(Extracted data entries)
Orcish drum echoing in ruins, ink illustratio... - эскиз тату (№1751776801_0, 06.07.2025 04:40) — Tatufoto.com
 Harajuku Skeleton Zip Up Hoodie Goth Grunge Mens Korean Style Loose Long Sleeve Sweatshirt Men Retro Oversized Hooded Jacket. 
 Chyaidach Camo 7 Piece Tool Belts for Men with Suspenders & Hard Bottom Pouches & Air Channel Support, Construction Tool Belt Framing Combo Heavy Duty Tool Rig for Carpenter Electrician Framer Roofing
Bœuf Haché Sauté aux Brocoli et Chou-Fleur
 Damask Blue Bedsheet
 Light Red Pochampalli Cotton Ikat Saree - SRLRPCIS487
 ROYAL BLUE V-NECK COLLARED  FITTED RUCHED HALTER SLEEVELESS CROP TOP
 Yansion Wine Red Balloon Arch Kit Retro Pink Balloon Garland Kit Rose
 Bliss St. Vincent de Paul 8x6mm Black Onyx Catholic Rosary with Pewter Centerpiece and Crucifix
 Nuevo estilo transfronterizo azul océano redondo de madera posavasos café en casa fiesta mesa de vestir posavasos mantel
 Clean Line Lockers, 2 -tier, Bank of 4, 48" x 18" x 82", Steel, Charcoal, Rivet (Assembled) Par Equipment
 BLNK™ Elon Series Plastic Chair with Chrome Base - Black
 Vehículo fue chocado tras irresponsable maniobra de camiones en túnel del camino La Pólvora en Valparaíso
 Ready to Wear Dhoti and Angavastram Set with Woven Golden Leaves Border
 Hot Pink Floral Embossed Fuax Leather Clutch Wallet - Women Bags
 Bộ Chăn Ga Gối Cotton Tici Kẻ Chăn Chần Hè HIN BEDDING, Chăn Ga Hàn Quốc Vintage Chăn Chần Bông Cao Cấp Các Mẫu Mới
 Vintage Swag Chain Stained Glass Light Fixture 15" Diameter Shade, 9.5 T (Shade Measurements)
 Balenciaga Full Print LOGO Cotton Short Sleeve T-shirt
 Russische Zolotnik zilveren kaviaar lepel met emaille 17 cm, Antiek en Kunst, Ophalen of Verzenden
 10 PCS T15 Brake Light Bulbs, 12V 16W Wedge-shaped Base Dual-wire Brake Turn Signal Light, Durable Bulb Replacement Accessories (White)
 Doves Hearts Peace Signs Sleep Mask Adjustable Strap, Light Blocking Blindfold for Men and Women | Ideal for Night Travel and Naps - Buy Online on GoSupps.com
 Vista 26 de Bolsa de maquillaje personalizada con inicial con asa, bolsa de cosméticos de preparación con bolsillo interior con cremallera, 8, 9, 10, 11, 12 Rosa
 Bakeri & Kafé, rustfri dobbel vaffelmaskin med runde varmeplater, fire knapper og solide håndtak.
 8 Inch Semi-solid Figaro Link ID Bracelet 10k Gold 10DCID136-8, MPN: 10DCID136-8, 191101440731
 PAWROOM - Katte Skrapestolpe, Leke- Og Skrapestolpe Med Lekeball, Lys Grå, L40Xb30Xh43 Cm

* WHAT YOU WILL DO *
Write the entries out again exactly.

* RESPONSE *
Orcish drum echoing in ruins, ink illustratio... - эскиз тату (№1751776801_0, 06.07.2025 04:40) — Tatufoto.com
 Harajuku Skeleton Zip Up Hoodie Goth Grunge Mens Korean Style Loose Long Sleeve Sweatshirt Men Retro Oversized Hooded Jacket. 
 Chyaidach Camo 7 Piece Tool Belts for Men with Suspenders & Hard Bottom Pouches & Air Channel Support, Construction Tool Belt Framing Combo Heavy Duty Tool Rig for Carpenter Electrician Framer Roofing
Bœuf Haché Sauté aux Brocoli et Chou-Fleur
 Damask Blue Bedsheet
 Light Red Pochampalli Cotton Ikat Saree - SRLRPCIS487
 ROYAL BLUE V-NECK COLLARED  FITTED RUCHED HALTER SLEEVELESS CROP TOP
 Yansion Wine Red Balloon Arch Kit Retro Pink Balloon Garland Kit Rose
 Bliss St. Vincent de Paul 8x6mm Black Onyx Catholic Rosary with Pewter Centerpiece and Crucifix
 Nuevo estilo transfronterizo azul océano redondo de madera posavasos café en casa fiesta mesa de vestir posavasos mantel
 Clean Line Lockers, 2 -tier, Bank of 4, 48" x 18" x 82", Steel, Charcoal, Rivet (Assembled) Par Equipment
 BLNK™ Elon Series Plastic Chair with Chrome Base - Black
 Vehículo fue chocado tras irresponsable maniobra de camiones en túnel del camino La Pólvora en Valparaíso
 Ready to Wear Dhoti and Angavastram Set with Woven Golden Leaves Border
 Hot Pink Floral Embossed Fuax Leather Clutch Wallet - Women Bags
 Bộ Chăn Ga Gối Cotton Tici Kẻ Chăn Chần Hè HIN BEDDING, Chăn Ga Hàn Quốc Vintage Chăn Chần Bông Cao Cấp Các Mẫu Mới
 Vintage Swag Chain Stained Glass Light Fixture 15" Diameter Shade, 9.5 T (Shade Measurements)
 Balenciaga Full Print LOGO Cotton Short Sleeve T-shirt
 Russische Zolotnik zilveren kaviaar lepel met emaille 17 cm, Antiek en Kunst, Ophalen of Verzenden
 10 PCS T15 Brake Light Bulbs, 12V 16W Wedge-shaped Base Dual-wire Brake Turn Signal Light, Durable Bulb Replacement Accessories (White)
 Doves Hearts Peace Signs Sleep Mask Adjustable Strap, Light Blocking Blindfold for Men and Women | Ideal for Night Travel and Naps - Buy Online on GoSupps.com
 Vista 26 de Bolsa de maquillaje personalizada con inicial con asa, bolsa de cosméticos de preparación con bolsillo interior con cremallera, 8, 9, 10, 11, 12 Rosa
 Bakeri & Kafé, rustfri dobbel vaffelmaskin med runde varmeplater, fire knapper og solide håndtak.
 8 Inch Semi-solid Figaro Link ID Bracelet 10k Gold 10DCID136-8, MPN: 10DCID136-8, 191101440731
 PAWROOM - Katte Skrapestolpe, Leke- Og Skrapestolpe Med Lekeball, Lys Grå, L40Xb30Xh43 Cm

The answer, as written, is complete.